What’s in a name?  A lot. Especially when it represents a point in time in the evolution of an individual’s Jewish identity, and when it serves as a metaphor for one’s relationship with one’s Jewishness.

Eileen Soffer, married with two grown children and living in the San Francisco Bay Area, says that she lets the world know that she is Jewish “by allowing it [Judaism] to be a part of my identity that I share freely.” But it wasn’t always that way, and it was a decision she made about her name many years ago that Eileen realizes was emblematic of the contrast between the attitude she held toward her Jewish identity at that time and the one she holds now.

Eileen was born in Rochester, NY and grew up there and later in Los Angeles as the youngest of four daughters in a household headed by a single mother, following the death of Eileen’s father when she was just one year old. There was no single moment in time in which she became aware of being Jewish.  Eileen always felt Jewish and surrounded by the comfort of Jewish culture and practice in her family and community.
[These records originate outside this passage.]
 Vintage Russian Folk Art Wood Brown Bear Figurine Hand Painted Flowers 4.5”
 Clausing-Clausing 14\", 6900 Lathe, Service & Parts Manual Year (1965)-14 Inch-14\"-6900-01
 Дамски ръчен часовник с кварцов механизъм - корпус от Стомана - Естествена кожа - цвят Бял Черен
Vivid memories of annual Passover seders at the home of Israeli friends in Rochester stand out for her, especially the use of Hebrew and the lively Israeli dancing around the house to keep everyone energized and awake.  According to family lore, little Eileen stayed up all night, even as a toddler in a highchair. When she reflects on it today, Eileen realizes that those seder experiences encapsulated “what it meant to be Jewish  – family, friends, ritual, celebration, deep thinking and food.”

Today, as a mother and educator active in community affairs and lay leadership, Eileen’s Jewishness is central to her life and identity. One would be wrong to assume, however, that a completely straight line can be traced between her childhood perception of  “the whole world being Jewish” and her active involvement in the Jewish community as an adult.  Indeed, there was a major blip around the time she left LA and moved north for college, and it registered for her that, in fact, Judaism and Jewish life was not on the radar of the vast majority of her peers at Berkeley.
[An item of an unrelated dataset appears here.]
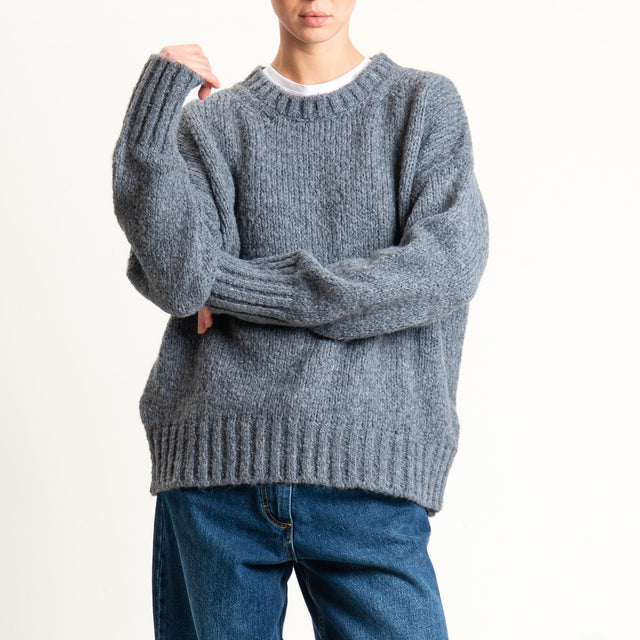 Vicolo-Maglia girocollo bordi a coste misto lana - antracite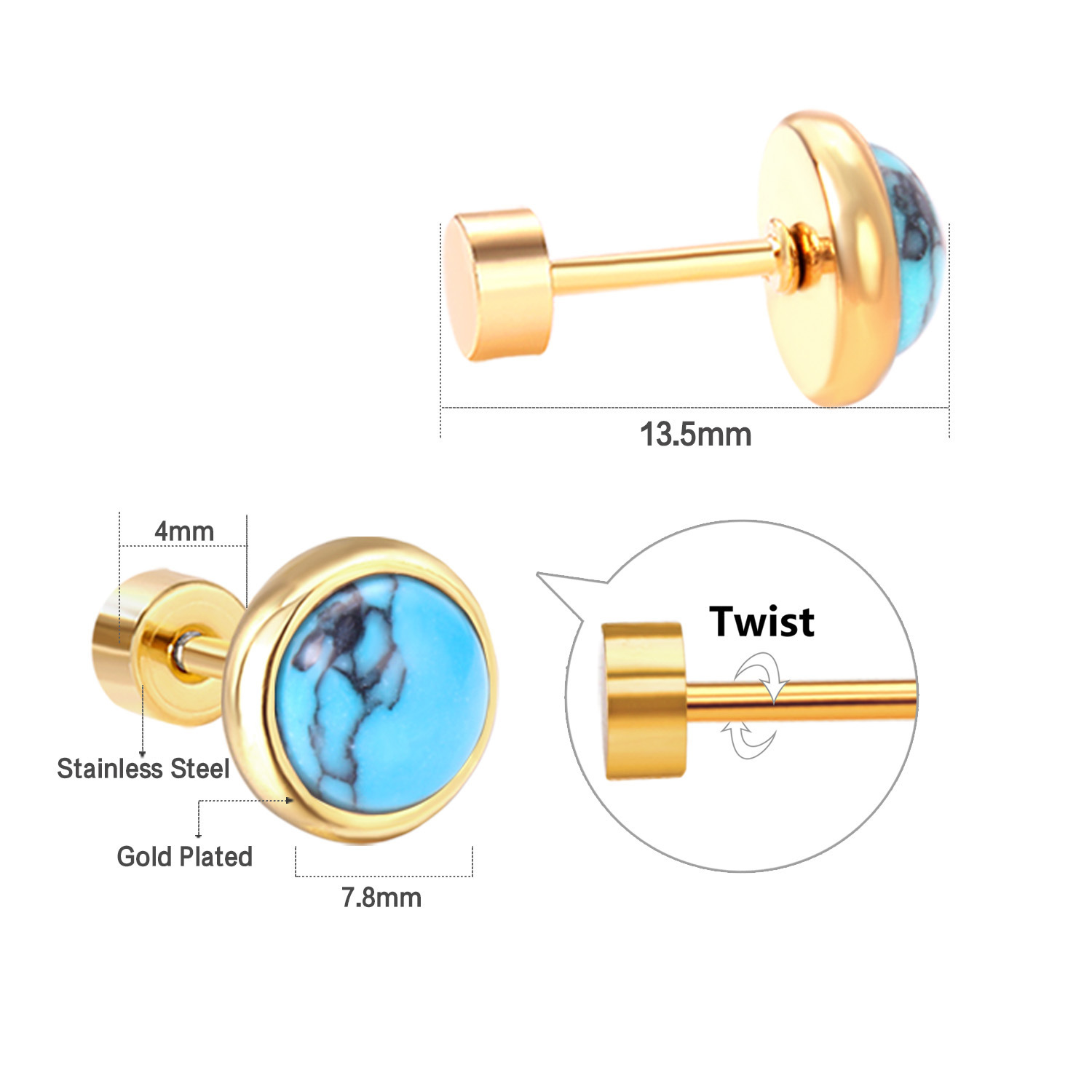 Fashionable Stainless Steel Turquoise Ear Cuff Simple Elegant Screw Back Earrings Women's Geometric Pattern Round Plating Jewelry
It was at that point that Eileen started to be less open about her Jewish identity with people around her. As she puts it, she “never stopped doing Jewish,” but she “stopped talking Jewish.” She was never embarrassed or ashamed of her Judaism, nor was she ever afraid because of it. “I just did not offer it up freely,” Eileen says, in regard to how she interacted with non-Jews.  Now that she was in an environment very different from the Jewish community of LA, she decided that she did not want to be judged by others “based on that information [the fact that she was Jewish].”

So, when Eileen married her husband, she decided not to adopt his and to keep her own.  Her decision was made partially on the basis of a strong devotion her own family and a desire to honor the father that she never had the privilege of knowing. Furthermore, it was quite common at the time for women not to take their husbands’ names for feminist reasons. But it also had to do with the fact that her last name, Soffer, somehow represented how she felt about her Jewishness at that juncture in her life. Soffer is a Hebrew word meaning “scribe” or “writer,” usually referring to a scribe of religious texts.  Unless you know Hebrew, however, you would not necessarily assume it was a Jewish name. Her name was a metaphor for her Jewishness – it was out there in the open for the discerning eye to see, but Eileen wasn’t deliberately drawing attention to it. Hamevin yavin – he who knows, knows.

Being in the know has been, in one way or another, a trope throughout Eileen’s life. When she was growing up, it seemed that everyone was either Jewish or knew what being Jewish was about. As a young woman and newlywed, Eileen wasn’t  “talking Jewish,” so only those who recognized her “doing Jewish” knew of her Jewish identity. Finally, as a mother and a person with a more mature outlook, Eileen knows in a profound way the importance of living out and sharing her Jewish identity with others.

True to her name, Eileen is writing her own Jewish life story – one chapter at a time.